Since launching in 2005, calorie-counting and exercise-tracking app MyFitnessPal has boostrapped its way to a profitable business reaching more than 40 million users worldwide. But, after years of going it alone, the company said on Sunday that it had raised $18 million from some of Silicon Valley’s biggest investors.
The Series A round was led by Kleiner Perkins Caufield & Byers and included Accel Partners. As part of the deal, Kleiner Perkins’ John Doerr and Accel’s Andrew Braccia will join the company’s board.
Over the years, MyFitnessPal has built up loyal following among those trying to improve their fitness and lose weight with a free app that lets users input and track their daily calorie consumption and exercise. Despite the thousands of health and fitness apps available, including rivals Lose It! and MyNetDiary, MyFitnessPal consistently ranks among the top free apps on both iOS (s AAPL) and Android (s GOOG) platforms. In the last year, the company said it’s seen an increase of more than 1.5 million new users per month.
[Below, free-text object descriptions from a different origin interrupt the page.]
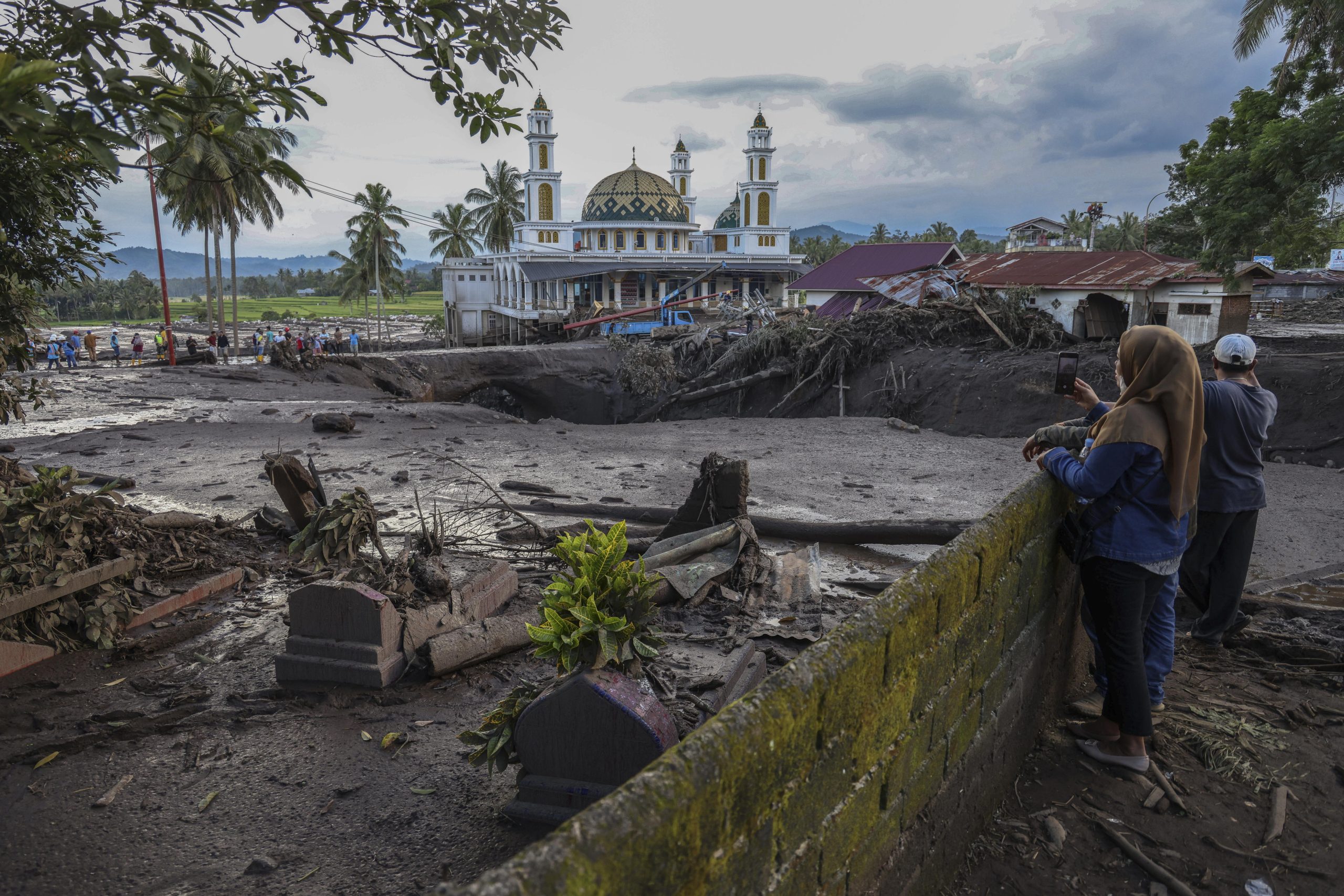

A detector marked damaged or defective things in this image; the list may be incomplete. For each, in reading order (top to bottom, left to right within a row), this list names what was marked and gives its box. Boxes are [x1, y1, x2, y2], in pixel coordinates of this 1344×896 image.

broken concrete slab [0, 645, 57, 679]
broken concrete slab [126, 566, 244, 631]
broken concrete slab [270, 583, 400, 688]
broken concrete slab [397, 553, 519, 652]
broken concrete slab [422, 620, 527, 677]
broken concrete slab [513, 669, 682, 789] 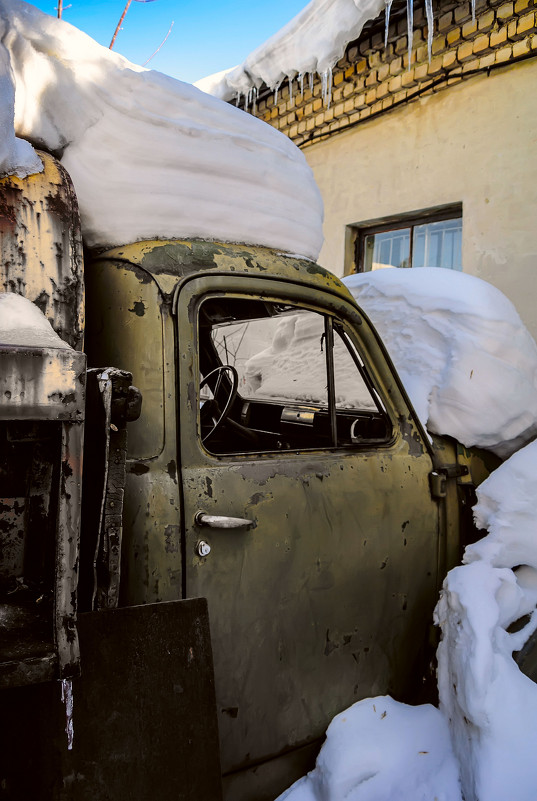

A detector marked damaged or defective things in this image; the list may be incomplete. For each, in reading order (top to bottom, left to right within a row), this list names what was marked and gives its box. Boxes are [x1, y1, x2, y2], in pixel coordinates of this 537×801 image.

corroded metal [0, 152, 83, 348]
abandoned truck [0, 152, 494, 800]
rusted door [176, 278, 440, 792] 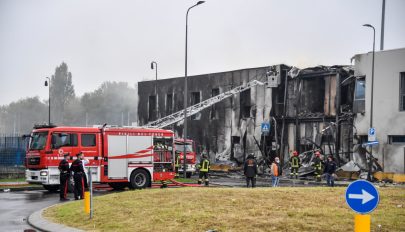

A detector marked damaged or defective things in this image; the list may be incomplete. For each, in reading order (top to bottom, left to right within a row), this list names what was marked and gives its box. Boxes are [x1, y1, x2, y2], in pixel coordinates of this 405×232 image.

burned building [138, 65, 354, 167] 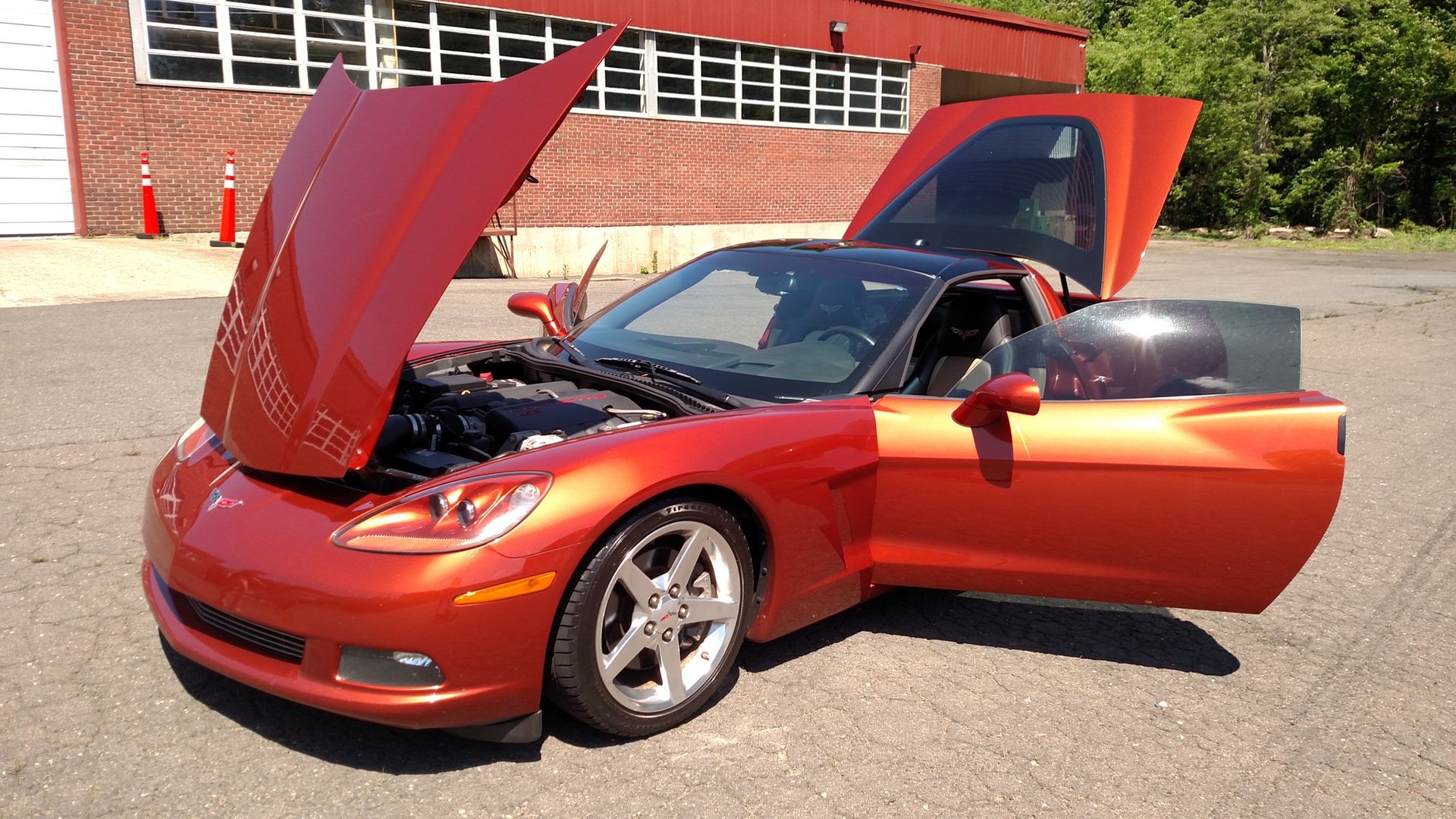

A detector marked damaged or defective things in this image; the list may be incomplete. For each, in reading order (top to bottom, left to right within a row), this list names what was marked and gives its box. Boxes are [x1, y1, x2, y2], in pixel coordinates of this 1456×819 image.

cracked pavement [0, 241, 1450, 813]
With the new funding, co-founder Mike Lee said MyFitnessPal plans to invest in product development and growing its team of about 40 people. It also plans to push further into international markets — earlier this summer, it launched new versions in Spanish, French, German and Portugese to help drive business in Europe and South America.
Given rising interest in digital health and fitness tools, it’s not surprising to see the company redouble its efforts with investors. Between 2012 and 2017, worldwide downloads of sports and fitness mobile apps are expected to grow 63 percent, according to a recent report from research firm IHS Electronics and Media. As interest in health-tracking devices also continues to climb, MyFitnessPal, which integrates with gadgets like the Fitbit (see disclosure) and Jawbone Up (as well as some other fitness apps), sees an opportunity in being a central health- and fitness-related data hub.
“MyFitnessPal will help you glean and discover insights from that data,” Lee said. “By combining population data with personal data, we’ll be able to provide personal analysis to help individuals achieve their goals.”
The app already collects millions of data points on users’ diets and exercise regimes, including what they eat, whether they eat at home or restaurants, how often they exercise and the amount of weight that they lose. With the explosion of wearable sensors, Lee added, data collection on health- and fitness-related decisions and outcomes will only grow. MyFitnessPal is currently ad-supported but, as it offers more data-driven products, it will be interesting to see what kinds of revenue streams it might add.
Disclosure: Fitbit is backed by True Ventures, a venture capital firm that is an investor in the parent company of GigaOM. Om Malik, founder of GigaOM, is also a venture partner at True.